┌──
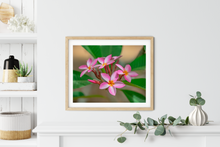 Load image into Gallery viewer, Pink, Plumeria, Flowers, Oahu, Hawaii, Framed Matted Photo Print, Interior Entryway, Image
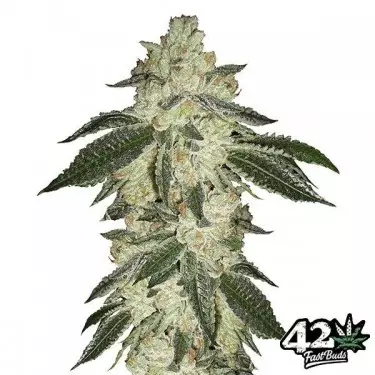 Crack verde de Sementes autoflorescentes Fast Buds - GB The Green Brand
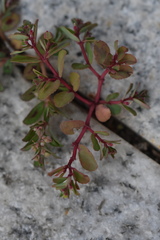 Euphorbia humifusa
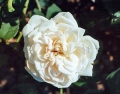 Fürstin von Pless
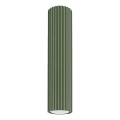 Spotlight KARBON 1xGU10/10W/230V 30 cm green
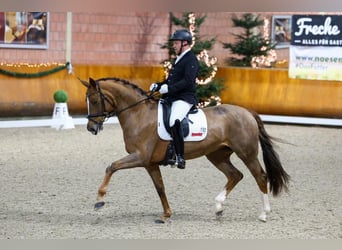 German Riding Horse, Mare, 7 years, 16,2 hh, Chestnut-Red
└──
▸ PROBLEM REQUIREMENTS: The whole listing above, word for word: repeat it with the pictures excluded.

▸ ANSWER BOX:
 Load image into Gallery viewer, Pink, Plumeria, Flowers, Oahu, Hawaii, Framed Matted Photo Print, Interior Entryway, Image
 Crack verde de Sementes autoflorescentes Fast Buds - GB The Green Brand
 Euphorbia humifusa
 Fürstin von Pless
 Spotlight KARBON 1xGU10/10W/230V 30 cm green
 German Riding Horse, Mare, 7 years, 16,2 hh, Chestnut-Red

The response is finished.